Billionaires, happiness and social cohesion

The latest Forbes rich list has just been published with Bill Gates coming top with a personal wealth of $86bn. The combined wealth of 2000 billionaires exceeds $7 trillion! I am not really sure what to make out of it. Are we supposed to admire these people for the amount of money they have accumulated or that we should be in owe of such wealth?  Far from it. There is really something seriously wrong when people are allowed to build such an incredible wealth. It is obscene when one man like Bill Gates has a personal wealth equivalent to the GDP of a country like Sudan (population 37 million), when the wealth of the richest 2000 people exceeds the combined GDPs of both the UK and Germany.

Source http://www.bbc.co.uk/news/business-39332823

This wealth comes at a time when there is ever more poverty and hunger in the world and we see people fleeing poor African countries risking their lives making perilous journeys to reach better places to improve their lot. Their miserable existence could easily be much improved if there was a more equitable distribution of wealth.

Interestingly here is a list of the six happiest countries:

Country        Rank
Norway             1
Denmark          2
Iceland             3
Switzerland     4
Finland             5
Netherlands    6

Source: http://worldhappiness.report/

And here is a list of the six countries with most billionaires:

Country  Billionaires
US              536
China         251
UK             120
Germany  120
India           84
Russia         77

Source:  https://en.wikipedia.org/wiki/The_World%27s_Billionaires

It is interesting to note that despite the abundance of billionaires in the above mentioned countries, none of the countries they belong to, appear in the top of the list of happy countries.

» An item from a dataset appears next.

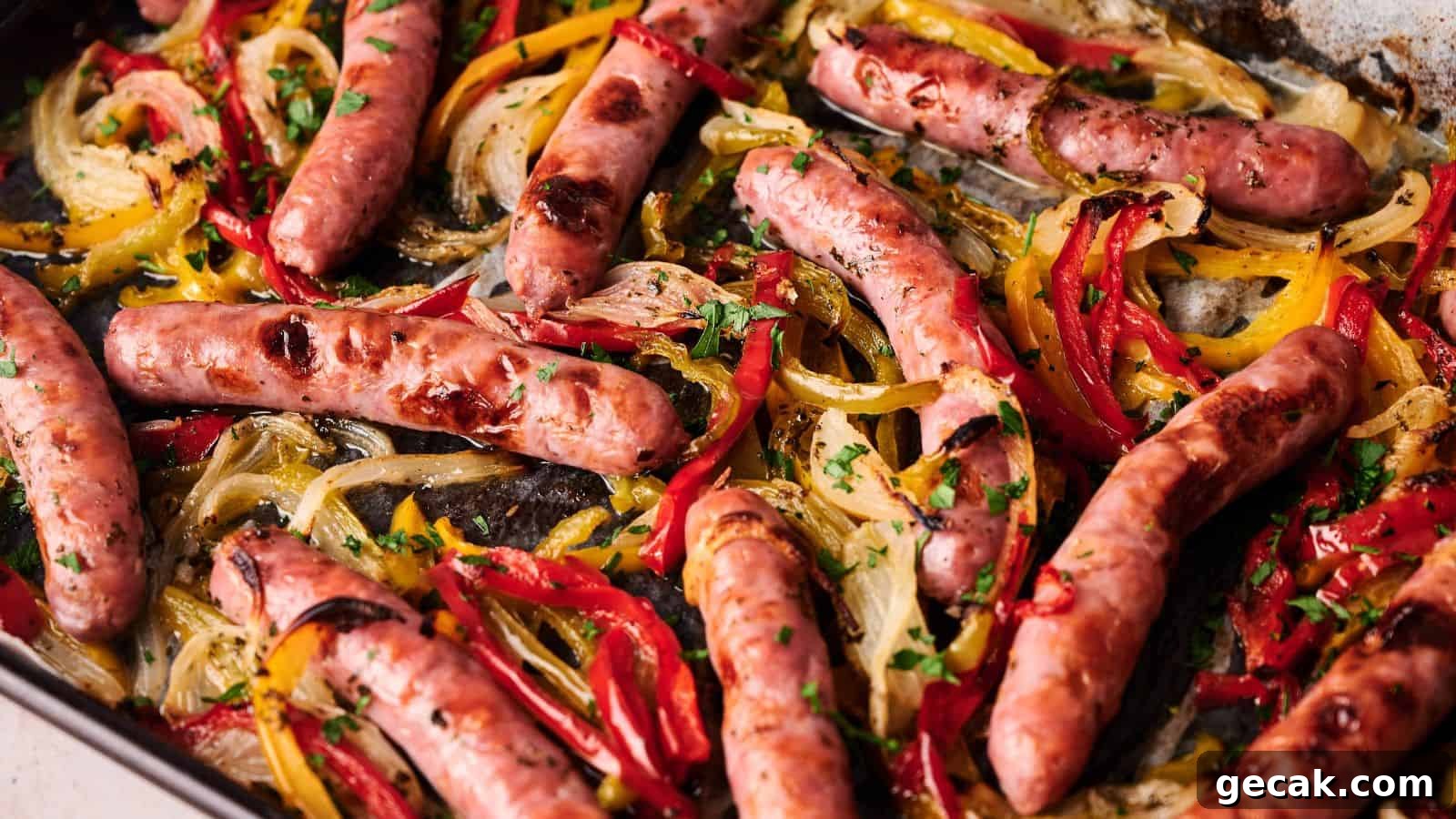 Sheet pan with roasted sausages, sliced red and yellow bell peppers, and onions, garnished with chopped parsley.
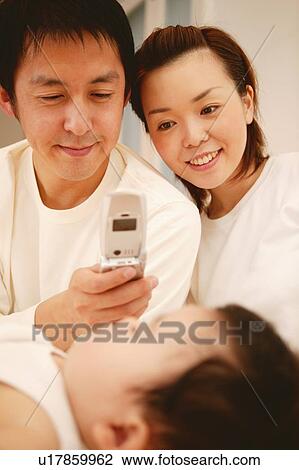 Stock Image - Parents taking a photograph of their baby by mobile phone. Fotosearch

There is no doubt that over the last few decades the gap between rich countries and poor countries has been widening leading in part to the calamitous refugee situation that the world currently faces. But this gap is also widening between the have and have-nots in the rich countries themselves. There is definitely mounting disquiet in the western democracies manifesting itself as a rejection of the establishment, hence the UK Brexit vote and the election of Donald Trump in the US, both of which were results of social discontent, but unfortunately in my opinion the wrong results with unsettling consequences.

The world as a whole is moving into uncharted territory.  More than ever we need to be doubling our efforts to arrive at more equitable solutions to the distribution of wealth. The accumulation of vast fortunes in the hands of the few is doing nothing but stoking problems for the future. Now it is the time to start by attaching a warning to big wealth. Being a billionaire is nothing to be proud of, it is anti-social and is harmful to social cohesion.